Timing is essential with effective lawn care seeding. You don’t want to plant new seeds right before the winter’s first frost, nor do you want to try to establish new sprouts in scorching summer heat. Instead, try to seed when temperatures are not at their most extreme.
Before you reseed, make sure to clear the area of weeds, dead grass, and debris. We don’t recommend the use of weed killer as it can negatively affect the ability of grass seeds to germinate. Instead, manually clean the parts of the lawn that will be reseeded and aerate to loosen soil.
If there are large amounts of dead grass, or other vegetation, you may need to use a dethatcher. In fact, dethatching every couple of years can significantly improve your soil and the ability for your lawn to grow.
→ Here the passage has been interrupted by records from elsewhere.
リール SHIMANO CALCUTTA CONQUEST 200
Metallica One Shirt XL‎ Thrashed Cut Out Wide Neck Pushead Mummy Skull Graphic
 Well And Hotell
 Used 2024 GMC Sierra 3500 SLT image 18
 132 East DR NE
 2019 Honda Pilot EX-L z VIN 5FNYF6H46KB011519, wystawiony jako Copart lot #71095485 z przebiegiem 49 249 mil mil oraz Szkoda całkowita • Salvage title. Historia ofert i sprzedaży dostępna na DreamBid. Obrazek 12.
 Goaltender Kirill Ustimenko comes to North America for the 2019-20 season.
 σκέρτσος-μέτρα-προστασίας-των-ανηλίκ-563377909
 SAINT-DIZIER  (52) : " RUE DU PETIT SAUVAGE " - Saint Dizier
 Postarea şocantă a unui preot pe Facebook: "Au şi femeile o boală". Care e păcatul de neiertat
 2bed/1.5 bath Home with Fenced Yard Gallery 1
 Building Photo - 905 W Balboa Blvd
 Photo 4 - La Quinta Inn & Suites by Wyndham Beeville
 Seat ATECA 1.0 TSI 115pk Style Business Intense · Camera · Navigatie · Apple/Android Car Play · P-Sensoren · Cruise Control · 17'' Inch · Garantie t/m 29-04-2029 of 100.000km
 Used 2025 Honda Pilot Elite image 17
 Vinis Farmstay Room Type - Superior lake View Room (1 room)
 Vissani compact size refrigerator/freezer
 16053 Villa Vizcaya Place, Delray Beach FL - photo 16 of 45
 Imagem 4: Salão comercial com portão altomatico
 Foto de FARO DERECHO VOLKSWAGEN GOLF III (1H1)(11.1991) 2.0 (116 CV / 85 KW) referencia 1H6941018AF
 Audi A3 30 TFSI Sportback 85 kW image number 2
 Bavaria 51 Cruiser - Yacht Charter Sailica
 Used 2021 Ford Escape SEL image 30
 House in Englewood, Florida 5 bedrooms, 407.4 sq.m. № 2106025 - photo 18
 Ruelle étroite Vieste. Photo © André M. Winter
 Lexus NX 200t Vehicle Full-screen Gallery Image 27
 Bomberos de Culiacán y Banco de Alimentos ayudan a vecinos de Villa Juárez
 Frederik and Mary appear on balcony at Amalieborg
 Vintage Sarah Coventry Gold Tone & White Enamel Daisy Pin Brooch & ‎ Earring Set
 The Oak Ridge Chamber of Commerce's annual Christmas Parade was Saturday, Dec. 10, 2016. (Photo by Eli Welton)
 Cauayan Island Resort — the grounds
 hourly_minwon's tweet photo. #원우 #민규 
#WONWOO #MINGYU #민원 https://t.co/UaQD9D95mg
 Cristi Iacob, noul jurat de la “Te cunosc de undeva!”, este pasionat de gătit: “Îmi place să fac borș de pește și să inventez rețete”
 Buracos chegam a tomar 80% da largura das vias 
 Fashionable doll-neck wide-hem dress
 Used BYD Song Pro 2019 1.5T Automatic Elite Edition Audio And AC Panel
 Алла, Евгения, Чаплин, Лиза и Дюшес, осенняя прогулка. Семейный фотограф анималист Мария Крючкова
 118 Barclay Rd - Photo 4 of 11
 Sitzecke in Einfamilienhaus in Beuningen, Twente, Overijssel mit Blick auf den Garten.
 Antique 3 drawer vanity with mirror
Next, add a layer of compost to further prepare your soil for the new seeds.
With the soil now in prime condition, you can begin your lawn care seeding. Make sure to select a grass seed that is right for your particular geographic region. Not sure what to use? Give us a call at 1-855-408-2488 , and we can help answer your specific questions.
For small areas, you can scatter seeds by hand. However, if you have a large expanse that needs to be seeded, take advantage of using a spreader that will save you time and guarantee an even coverage of grass seed. You’ll then want to rake the seed to integrate it into the soil and to prevent birds from eating it. Then, add a thin layer of mulch. Depending on your particular situation, you may also want to apply an organic starter fertilizer to help accelerate growth.
Diligent watering is essential to lawn care seeding. You will want to care for newly seeded lawn by watering it twice a day. If you keep up with the watering, you will begin to see sprouts in about two weeks. Once the blades get to about two inches, you can begin mowing. This will allow enough time for the roots to grow deeply into the soil.
Just as with the care of new sod lawn, you will want to keep pets and people off your newly seeded lawn until it has been mowed a couple of times. This will help ensure its viability along with regular watering, fertilizing, and weed removal.